§ Assignment
All of the data, except its images, should be set down exactly as it appears.

§ Information provided
—————

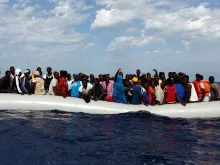 Imigrantes perto de Lampedusa (imagem referencial).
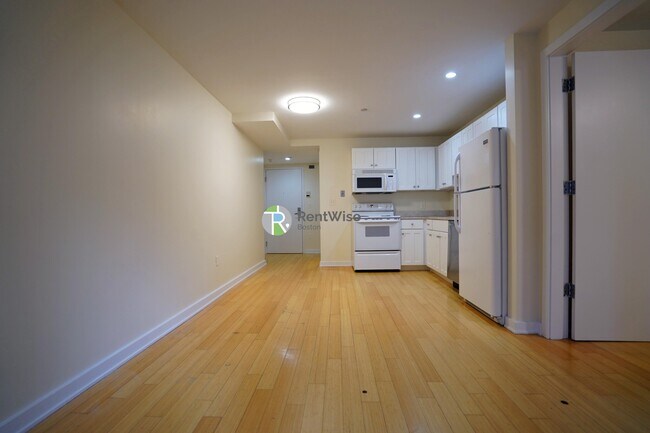 Building Photo - 40 Boylston St Rental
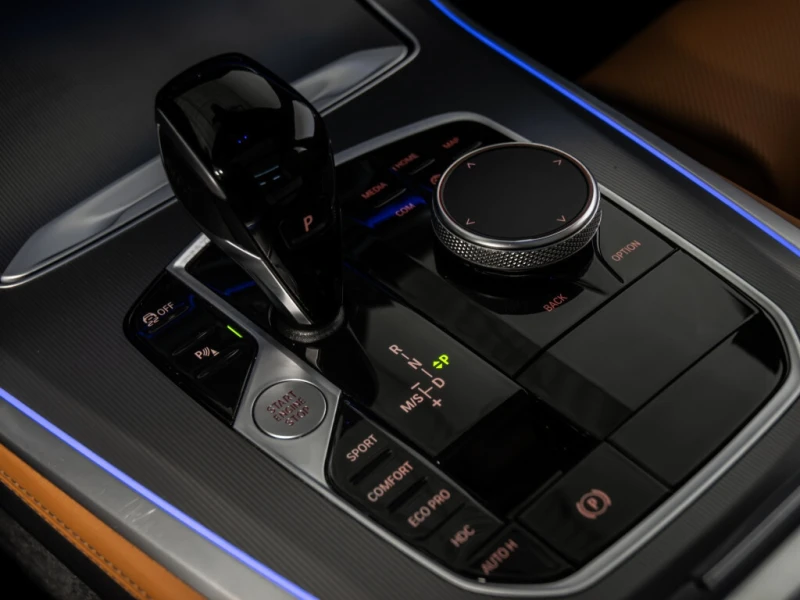 BMW X5 * xDrive40i M SPORT PREMIUM ESSENTIAL PKG * CARFAX, снимка 10 - Автомобили и джипове - 53044348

—————

§ Output for this exercise
 Imigrantes perto de Lampedusa (imagem referencial).
 Building Photo - 40 Boylston St Rental
 BMW X5 * xDrive40i M SPORT PREMIUM ESSENTIAL PKG * CARFAX, снимка 10 - Автомобили и джипове - 53044348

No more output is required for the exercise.